Une dense forêt de bambou, en Chine. Soudain, dix petits drones de la taille d’une paume de main s’élèvent dans un bourdonnement.
Ils volent côte à côte dans la même direction, vers une cible quelques dizaines de mètres plus loin, en évitant branches, talus et autres obstacles. A tour de rôle, ils passent dans les étroits espaces entre les tiges de bambou.
Le tout, de façon entièrement autonome, coordonnée, et sur un terrain qu’ils découvrent en temps réel.
L’expérience, menée par des scientifiques de l’université du Zhejiang, évoque une scène de science fiction. Leur étude, publiée mercredi dans la revue Science Robotics, commence d’ailleurs par citer des films comme « Star Wars », « Prometheus » ou encore « Blade Runner 2049 ».
« La capacité de navigation et de coordination d’essaims de drones dans ces films a inspiré de nombreux chercheurs. Ici, nous faisons un pas vers un tel futur », écrivent les auteurs de ces travaux.
Ces engins, conçus spécialement pour l’expérience, sont équipés d’une caméra stéréo, de capteurs et d’un ordinateur embarqué. Surtout, un algorithme spécifique a été développé.

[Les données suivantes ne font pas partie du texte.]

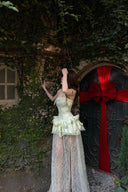 Woman in a Vogsion Pistachio Green Strapless Corset Ruffle Peplum Lace Prom Dress 2026 standing in front of a door with a red ribbon, surrounded by greenery.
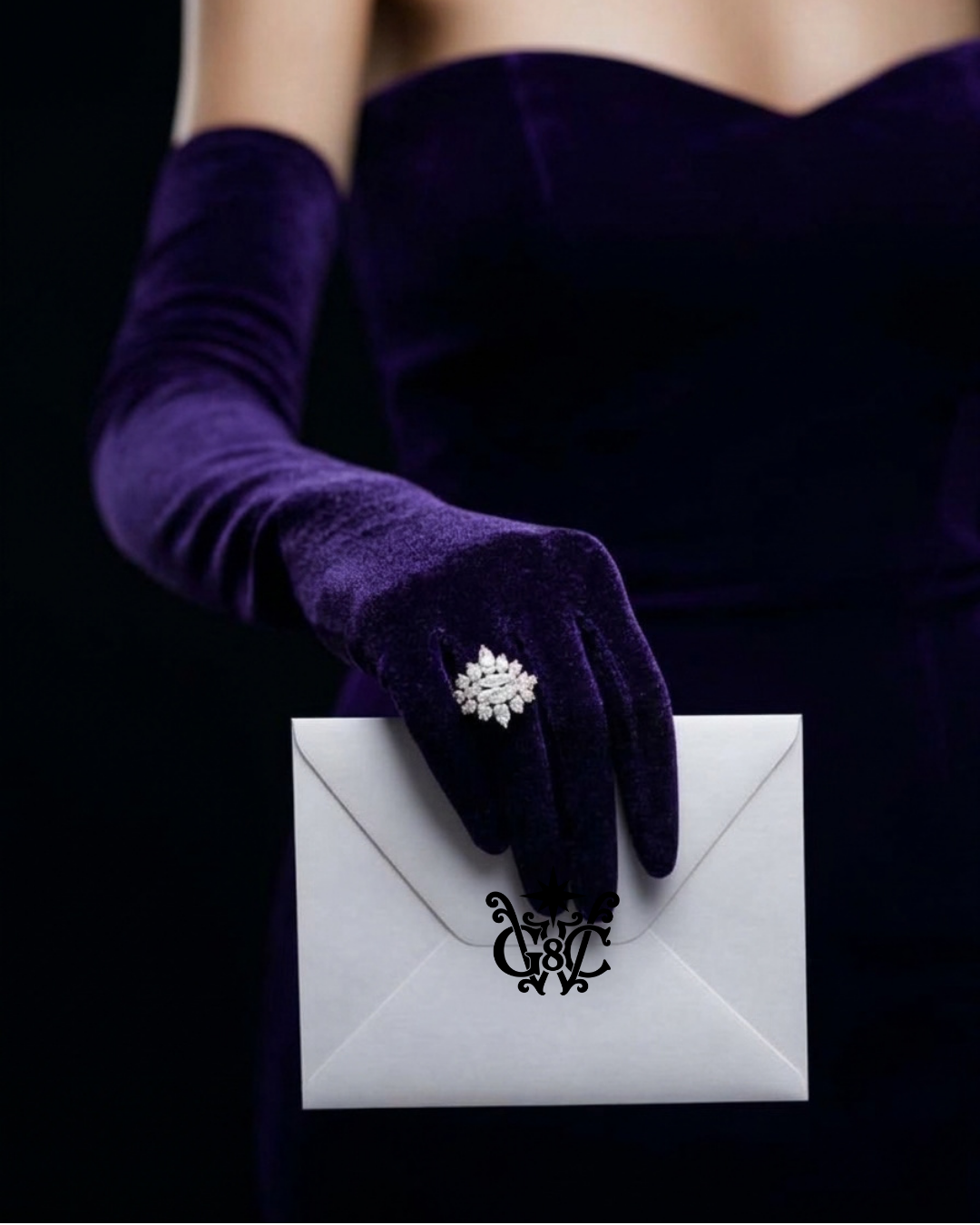 A hand in a long purple velvet glove and sparkling ring holds a white envelope sealed with the Good Woman Circle monogram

Des essaims de drones ont déjà été testés par le passé, mais seulement dans des environnements dégagés ou avec des positions d’obstacles connues à l’avance, a expliqué à l’AFP Enrica Soria, de l’Ecole polytechnique fédérale de Lausanne, qui travaille elle-même sur le sujet depuis plusieurs années.
« C’est la première fois qu’un essaim de drones vole avec succès en extérieur dans un environnement non-structuré, dans la nature », a-t-elle souligné, qualifiant l’expérience d' »impressionnante ».
Ces petits robots volants « peuvent déterminer seuls quel est leur environnement, le cartographier et ensuite planifier leur trajectoire », détaille-t-elle.
– Opérations de secours –
Les applications sont multiples.
Puisque ces drones ne s’appuient sur aucune infrastructure extérieure (comme le GPS), des essaims pourraient être utilisés lors de catastrophes naturelles. Par exemple, après un tremblement de terre, afin de repérer les dégâts et où envoyer les secours. Ou encore dans un bâtiment endommagé où des humains ne peuvent s’aventurer sans danger.
Certes, il est déjà possible d’utiliser des drones individuels dans de tels scénarios. Mais avec des temps d’autonomie de vol très limités, envoyer des essaims permettrait un gain un temps considérable.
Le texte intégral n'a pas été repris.